# DATASET EXCERPTS
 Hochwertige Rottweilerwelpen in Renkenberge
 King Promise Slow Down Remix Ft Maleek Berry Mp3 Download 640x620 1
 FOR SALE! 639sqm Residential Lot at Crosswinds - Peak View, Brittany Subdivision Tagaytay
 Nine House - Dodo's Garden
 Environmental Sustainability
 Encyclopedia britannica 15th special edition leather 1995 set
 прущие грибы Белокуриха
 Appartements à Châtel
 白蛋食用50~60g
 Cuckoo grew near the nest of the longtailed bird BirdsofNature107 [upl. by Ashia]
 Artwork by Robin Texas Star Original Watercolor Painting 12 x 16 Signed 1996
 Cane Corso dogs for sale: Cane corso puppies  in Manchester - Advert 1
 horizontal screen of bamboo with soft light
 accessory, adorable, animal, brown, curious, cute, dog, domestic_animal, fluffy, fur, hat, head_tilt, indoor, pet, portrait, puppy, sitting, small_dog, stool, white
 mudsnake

# EXERCISE OBJECTIVE
Only the lines from the one containing "FOR SALE! 639sqm" through the end of the listing should be copied, and they should be copied exactly.

# SOLUTION
 FOR SALE! 639sqm Residential Lot at Crosswinds - Peak View, Brittany Subdivision Tagaytay
 Nine House - Dodo's Garden
 Environmental Sustainability
 Encyclopedia britannica 15th special edition leather 1995 set
 прущие грибы Белокуриха
 Appartements à Châtel
 白蛋食用50~60g
 Cuckoo grew near the nest of the longtailed bird BirdsofNature107 [upl. by Ashia]
 Artwork by Robin Texas Star Original Watercolor Painting 12 x 16 Signed 1996
 Cane Corso dogs for sale: Cane corso puppies  in Manchester - Advert 1
 horizontal screen of bamboo with soft light
 accessory, adorable, animal, brown, curious, cute, dog, domestic_animal, fluffy, fur, hat, head_tilt, indoor, pet, portrait, puppy, sitting, small_dog, stool, white
 mudsnake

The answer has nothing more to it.